From the first line to the last, copy the material word for word; pictures stay out.
....
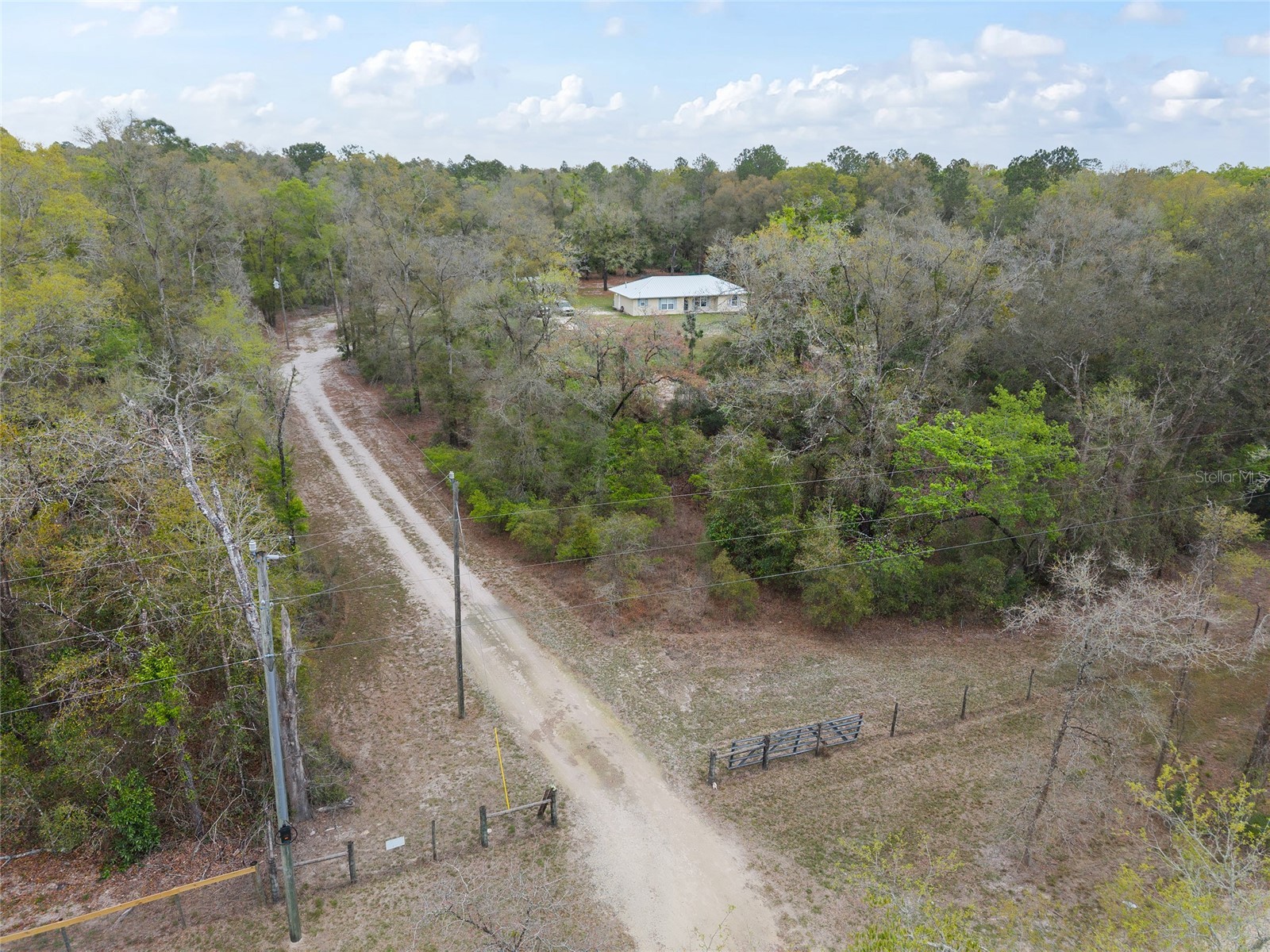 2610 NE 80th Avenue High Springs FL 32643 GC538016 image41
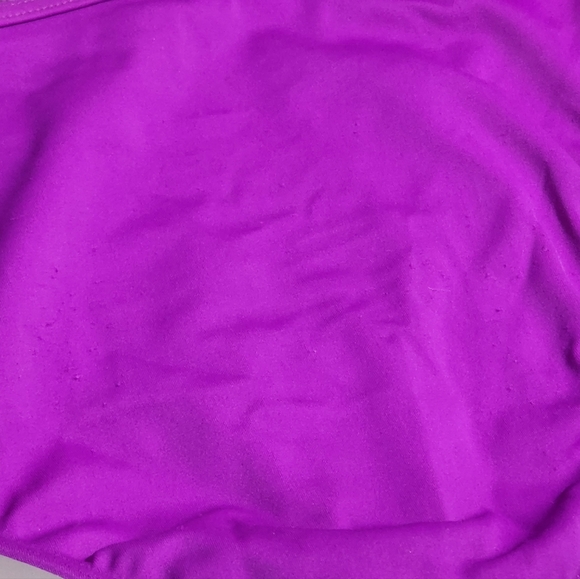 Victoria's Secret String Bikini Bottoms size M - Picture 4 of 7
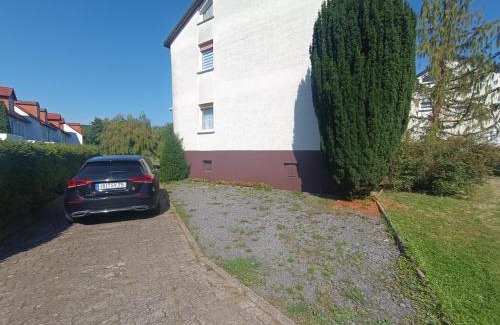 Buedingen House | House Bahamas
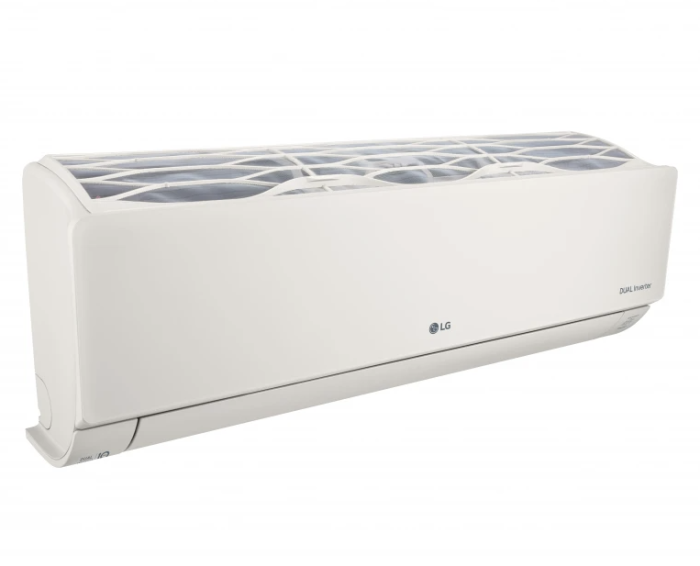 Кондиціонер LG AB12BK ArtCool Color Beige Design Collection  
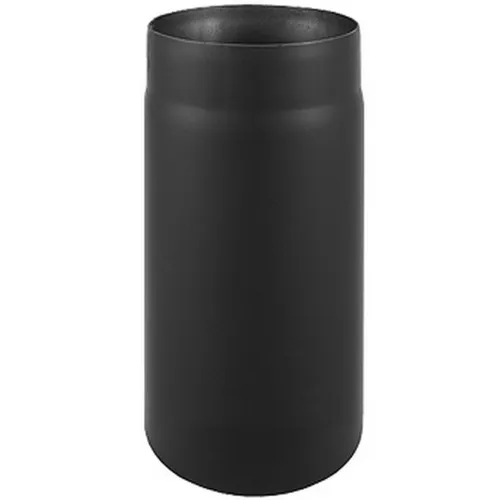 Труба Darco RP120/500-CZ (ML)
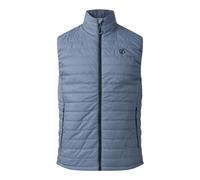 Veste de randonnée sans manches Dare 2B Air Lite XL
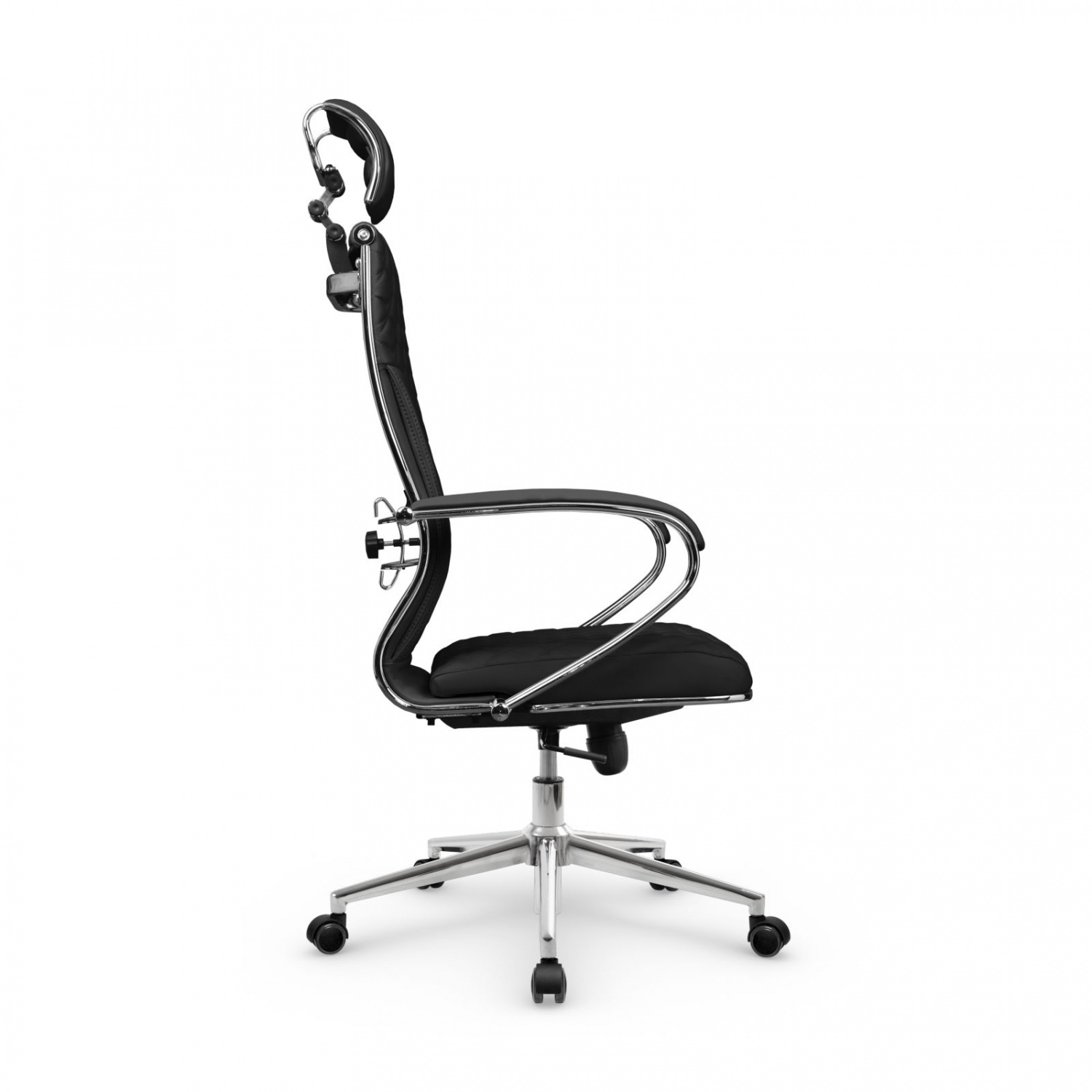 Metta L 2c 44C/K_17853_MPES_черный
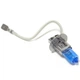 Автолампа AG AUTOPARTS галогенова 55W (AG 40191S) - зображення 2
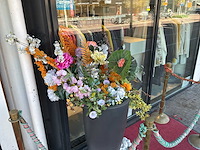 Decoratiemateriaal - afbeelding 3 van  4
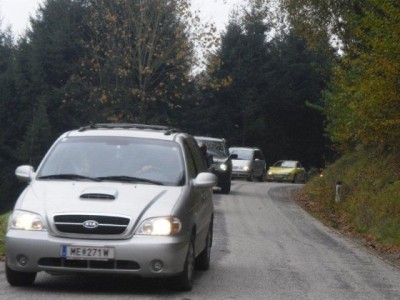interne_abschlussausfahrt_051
....
### Reply
 2610 NE 80th Avenue High Springs FL 32643 GC538016 image41
 Victoria's Secret String Bikini Bottoms size M - Picture 4 of 7
 Buedingen House | House Bahamas
 Кондиціонер LG AB12BK ArtCool Color Beige Design Collection  
 Труба Darco RP120/500-CZ (ML)
 Veste de randonnée sans manches Dare 2B Air Lite XL
 Metta L 2c 44C/K_17853_MPES_черный
 Автолампа AG AUTOPARTS галогенова 55W (AG 40191S) - зображення 2
 Decoratiemateriaal - afbeelding 3 van  4
interne_abschlussausfahrt_051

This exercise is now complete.